# Records excerpted from a collection:
-- -- --
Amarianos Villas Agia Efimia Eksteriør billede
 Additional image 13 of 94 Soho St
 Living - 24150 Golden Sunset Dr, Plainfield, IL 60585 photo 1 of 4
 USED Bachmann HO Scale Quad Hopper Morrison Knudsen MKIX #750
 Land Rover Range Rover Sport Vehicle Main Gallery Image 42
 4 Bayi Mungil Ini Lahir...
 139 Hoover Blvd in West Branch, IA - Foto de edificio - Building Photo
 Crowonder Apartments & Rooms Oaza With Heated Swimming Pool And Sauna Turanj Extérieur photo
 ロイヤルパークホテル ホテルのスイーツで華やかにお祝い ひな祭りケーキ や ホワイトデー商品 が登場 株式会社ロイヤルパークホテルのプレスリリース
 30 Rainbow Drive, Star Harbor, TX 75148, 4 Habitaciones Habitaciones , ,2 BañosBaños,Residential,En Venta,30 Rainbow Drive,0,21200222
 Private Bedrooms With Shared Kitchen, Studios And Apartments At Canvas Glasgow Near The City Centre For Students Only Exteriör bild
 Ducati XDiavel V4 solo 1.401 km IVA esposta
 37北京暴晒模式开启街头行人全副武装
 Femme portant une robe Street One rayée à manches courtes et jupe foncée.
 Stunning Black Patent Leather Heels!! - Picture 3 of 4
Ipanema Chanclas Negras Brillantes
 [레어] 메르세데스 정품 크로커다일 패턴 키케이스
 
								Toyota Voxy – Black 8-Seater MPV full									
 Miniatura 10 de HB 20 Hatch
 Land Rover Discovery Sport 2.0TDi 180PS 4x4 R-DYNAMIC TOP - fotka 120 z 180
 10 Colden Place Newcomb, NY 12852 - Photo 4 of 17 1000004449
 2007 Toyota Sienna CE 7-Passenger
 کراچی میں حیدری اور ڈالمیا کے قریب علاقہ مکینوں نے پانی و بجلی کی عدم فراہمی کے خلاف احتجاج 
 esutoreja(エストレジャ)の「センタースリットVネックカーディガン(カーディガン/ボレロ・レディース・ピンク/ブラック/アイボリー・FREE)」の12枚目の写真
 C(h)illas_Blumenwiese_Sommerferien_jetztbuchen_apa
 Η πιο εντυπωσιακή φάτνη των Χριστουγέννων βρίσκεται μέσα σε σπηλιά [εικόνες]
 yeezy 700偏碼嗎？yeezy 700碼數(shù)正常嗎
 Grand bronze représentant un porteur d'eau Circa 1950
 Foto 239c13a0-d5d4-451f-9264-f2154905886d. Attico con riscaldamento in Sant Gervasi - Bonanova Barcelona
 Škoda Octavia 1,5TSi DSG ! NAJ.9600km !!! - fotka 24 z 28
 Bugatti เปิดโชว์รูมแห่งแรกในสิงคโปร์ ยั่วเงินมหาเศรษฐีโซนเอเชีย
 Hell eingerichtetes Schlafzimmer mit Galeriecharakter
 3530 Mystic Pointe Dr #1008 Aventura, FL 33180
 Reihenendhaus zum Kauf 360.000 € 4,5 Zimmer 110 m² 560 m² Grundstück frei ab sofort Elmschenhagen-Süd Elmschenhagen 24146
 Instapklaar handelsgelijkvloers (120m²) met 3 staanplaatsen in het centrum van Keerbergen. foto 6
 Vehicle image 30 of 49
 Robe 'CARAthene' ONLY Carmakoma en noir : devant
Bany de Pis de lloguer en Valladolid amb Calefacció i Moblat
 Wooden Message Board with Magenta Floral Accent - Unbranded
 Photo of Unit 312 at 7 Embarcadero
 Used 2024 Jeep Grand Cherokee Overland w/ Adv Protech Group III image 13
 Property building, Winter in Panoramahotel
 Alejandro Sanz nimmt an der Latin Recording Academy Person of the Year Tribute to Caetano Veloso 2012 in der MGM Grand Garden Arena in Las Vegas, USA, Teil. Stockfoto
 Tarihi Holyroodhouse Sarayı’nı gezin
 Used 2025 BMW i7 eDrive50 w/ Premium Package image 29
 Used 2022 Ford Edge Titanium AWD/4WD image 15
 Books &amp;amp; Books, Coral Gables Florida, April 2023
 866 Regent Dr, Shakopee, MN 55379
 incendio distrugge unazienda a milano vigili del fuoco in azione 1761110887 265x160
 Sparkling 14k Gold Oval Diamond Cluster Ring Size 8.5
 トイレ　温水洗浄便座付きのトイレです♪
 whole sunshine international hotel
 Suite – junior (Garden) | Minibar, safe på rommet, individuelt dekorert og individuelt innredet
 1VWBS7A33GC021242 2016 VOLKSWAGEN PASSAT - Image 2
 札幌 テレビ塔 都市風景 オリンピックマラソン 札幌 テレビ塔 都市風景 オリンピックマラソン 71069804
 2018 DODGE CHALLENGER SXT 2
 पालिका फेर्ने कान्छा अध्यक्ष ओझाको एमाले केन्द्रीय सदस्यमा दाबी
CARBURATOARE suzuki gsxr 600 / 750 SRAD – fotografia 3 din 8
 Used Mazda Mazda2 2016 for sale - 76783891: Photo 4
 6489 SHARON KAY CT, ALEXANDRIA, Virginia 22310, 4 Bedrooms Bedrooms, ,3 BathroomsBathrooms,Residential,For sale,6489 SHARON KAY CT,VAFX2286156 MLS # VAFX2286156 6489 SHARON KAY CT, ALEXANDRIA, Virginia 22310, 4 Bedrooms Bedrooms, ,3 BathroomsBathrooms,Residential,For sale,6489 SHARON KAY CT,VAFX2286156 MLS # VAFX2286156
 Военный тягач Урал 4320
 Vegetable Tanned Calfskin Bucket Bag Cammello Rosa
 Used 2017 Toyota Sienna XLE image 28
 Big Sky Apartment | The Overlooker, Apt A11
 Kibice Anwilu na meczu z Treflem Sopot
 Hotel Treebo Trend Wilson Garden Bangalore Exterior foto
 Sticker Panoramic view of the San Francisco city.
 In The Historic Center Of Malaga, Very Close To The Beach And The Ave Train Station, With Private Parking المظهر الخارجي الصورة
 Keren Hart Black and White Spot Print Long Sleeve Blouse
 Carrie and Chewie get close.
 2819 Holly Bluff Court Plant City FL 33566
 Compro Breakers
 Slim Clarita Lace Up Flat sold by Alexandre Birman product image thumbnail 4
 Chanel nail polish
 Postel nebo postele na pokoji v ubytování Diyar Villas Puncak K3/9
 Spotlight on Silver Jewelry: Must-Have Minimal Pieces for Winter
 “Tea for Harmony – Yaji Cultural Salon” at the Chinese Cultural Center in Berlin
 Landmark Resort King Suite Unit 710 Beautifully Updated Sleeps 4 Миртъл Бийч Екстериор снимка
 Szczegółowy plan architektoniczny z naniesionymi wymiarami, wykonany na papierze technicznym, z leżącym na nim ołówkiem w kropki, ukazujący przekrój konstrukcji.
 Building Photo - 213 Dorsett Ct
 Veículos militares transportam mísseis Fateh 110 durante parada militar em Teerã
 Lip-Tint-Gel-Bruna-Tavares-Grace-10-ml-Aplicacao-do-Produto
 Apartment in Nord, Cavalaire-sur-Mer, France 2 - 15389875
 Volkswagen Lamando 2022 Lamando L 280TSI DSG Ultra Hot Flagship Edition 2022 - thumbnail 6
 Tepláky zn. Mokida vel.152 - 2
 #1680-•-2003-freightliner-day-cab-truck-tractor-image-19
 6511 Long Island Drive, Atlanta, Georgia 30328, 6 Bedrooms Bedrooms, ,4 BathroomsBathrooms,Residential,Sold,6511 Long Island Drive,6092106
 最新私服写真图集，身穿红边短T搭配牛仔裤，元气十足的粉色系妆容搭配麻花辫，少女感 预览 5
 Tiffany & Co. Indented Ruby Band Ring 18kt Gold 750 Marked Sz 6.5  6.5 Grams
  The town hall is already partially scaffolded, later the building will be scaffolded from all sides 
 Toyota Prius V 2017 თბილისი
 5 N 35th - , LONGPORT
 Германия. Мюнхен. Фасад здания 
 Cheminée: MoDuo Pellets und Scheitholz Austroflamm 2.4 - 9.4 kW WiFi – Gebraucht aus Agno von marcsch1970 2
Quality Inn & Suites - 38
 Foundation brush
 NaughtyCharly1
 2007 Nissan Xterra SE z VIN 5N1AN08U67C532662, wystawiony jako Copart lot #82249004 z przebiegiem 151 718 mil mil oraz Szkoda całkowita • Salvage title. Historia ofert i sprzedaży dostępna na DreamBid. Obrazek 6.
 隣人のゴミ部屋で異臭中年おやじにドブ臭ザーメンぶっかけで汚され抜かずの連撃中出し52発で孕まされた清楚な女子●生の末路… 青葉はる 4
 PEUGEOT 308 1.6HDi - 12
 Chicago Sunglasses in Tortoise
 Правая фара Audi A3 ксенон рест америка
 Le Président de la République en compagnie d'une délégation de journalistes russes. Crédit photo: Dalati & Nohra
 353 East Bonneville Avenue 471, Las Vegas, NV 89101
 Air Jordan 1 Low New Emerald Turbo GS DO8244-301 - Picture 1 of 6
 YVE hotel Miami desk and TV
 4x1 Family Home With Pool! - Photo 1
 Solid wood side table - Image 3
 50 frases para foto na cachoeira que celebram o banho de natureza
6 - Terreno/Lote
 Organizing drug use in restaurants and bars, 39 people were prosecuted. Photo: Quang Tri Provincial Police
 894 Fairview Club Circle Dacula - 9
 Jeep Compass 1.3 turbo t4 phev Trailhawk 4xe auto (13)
-- -- --
# EXERCISE:
Copy every line from the records that holds the string "Picture".

# ANSWER TO THIS EXERCISE:
 Stunning Black Patent Leather Heels!! - Picture 3 of 4
 Air Jordan 1 Low New Emerald Turbo GS DO8244-301 - Picture 1 of 6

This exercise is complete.